Friday, March 27, 2009

Evaluations and implementations fail because of people, not the software - (usually)

At one time, Open Source software had a stigma about being poorly documented. In my opinion, I believe that has changed for the most part. While working for Pentaho, a Commercial Open Source BI company, I have taken part in tasks that help create awareness around our software. It involves many resources made available to understand it, use it, explore it, modify it and even evolve it. Whether it is creating Wiki pages, video tutorials, tech tips, and blog entries or working with documentation services, I have come to find that having a successful implementations or evaluations really comes down to two things. Not only is the (1) content as good as the people that "write it" but it is also depends heavily on the aptitude of the (2) person who CONSUMES IT.

The new Pentaho Knowledgebase is one of those excellent resources. It is made available to paid subscription customers and trial evaluators and contains professional documentation, technical tips and more. Our documentation services team has been exceptional in getting information out there as quickly as possible and to those who need it most.

Those who depend on the vendor to provide support and those who care to be successful when using the software to meet their objectives. Sometimes, they are also the ones that sign up for training, whether it be at a customer site, at the Pentaho HQ or over the web. (You don't have to be a customer to get training.) These are the people that are the most successful with the software, any software. In addition to the KB, there is also a wiki page that I maintain in the community for non subscription customers and evaluators. This is an additional resource that allows me to quickly post information at a moments notice which can help others. This resource also creates an awareness and makes me become more scalable.

However, as with any vendor's collateral, if you don't use it, read it or care to learn it and at the same time expect someone to hold your hand, your chances of becoming successful are low. It is that simple. If you are one of those people, there isn't anything wrong with that, (ala Seinfeld) just make sure you hire the proper talent to get the job done and expect to pay. (Keep in mind that with Pentaho, you are not paying for software license fees, you are paying for people's knowledge and expertise to help you meet your objectives as well as the other things covered in a subscription- additional features, IP indemnification etc. )

Of course, there is always an expectation of vendor support, but when one does not take the time to review the collateral and expects to get a POC, CRM, EDW or ERP system up an running with a push of a button, they are in for a rude awakening.

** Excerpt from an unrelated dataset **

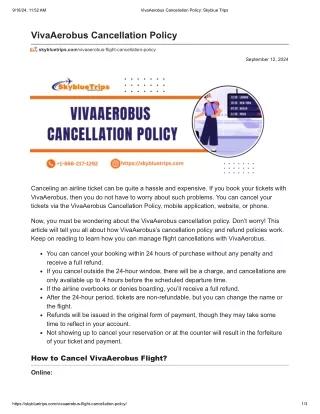 VivaAerobus Flight Cancellation Policy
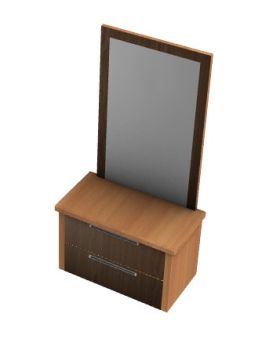 Modern wooden dresser with rectangular mirror 3d model .3dm format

These are the same type of people that blame the vendor for their failures.

(These are not exact quotations - but I think you get the point I am trying to make)
  • "I called your customer support and expected to learn all your tools."

  • "I have unlimited support and the project still failed. I only opened 4 cases ,that were resolved to my satisfaction, but I never called you for more help. So your support did not help me."

  • "I want to test your software. I want for you to help me create a POC,. I do not have budget or a time line or a defined project in place, and there is no guarantee that I will become a customer, can you help me?"
Please be aware that there is a difference between development assistance and training. There is also a difference between kicking tires and having clearly defined project criteria. Can you imagine if I called Microsoft, and asked them to walk me through creating a DB application in MS Access, at no cost? Have you even seen their support guide lines? HERE it's a mile long.

In closing, this is just another example that supports my prior blog claim (in regards to BI) that BI (or an application that use any software for that matter) is truly in the heads of people that know the software best. See entry here.

It is up to you to work with those people and get the help you need. It is a theory that makes sense not just with BI but with anything that is new to anyone. If you are new to sky diving would you go it alone the first time? Wouldn't you research it first, or at least jump tandem? In fact unless you have your own plane I don't even think you can go it alone without some sort of training or knowledge awareness. Whether you "SOLICIT" , "CONSUME" and "APPLY" that awareness is up to you. Remember, it is not just the vendor that can assist, but it is you as well. You can help make anything successful if applied correctly.

Teamwork, with each party doing their part can create successful evaluations and implementations.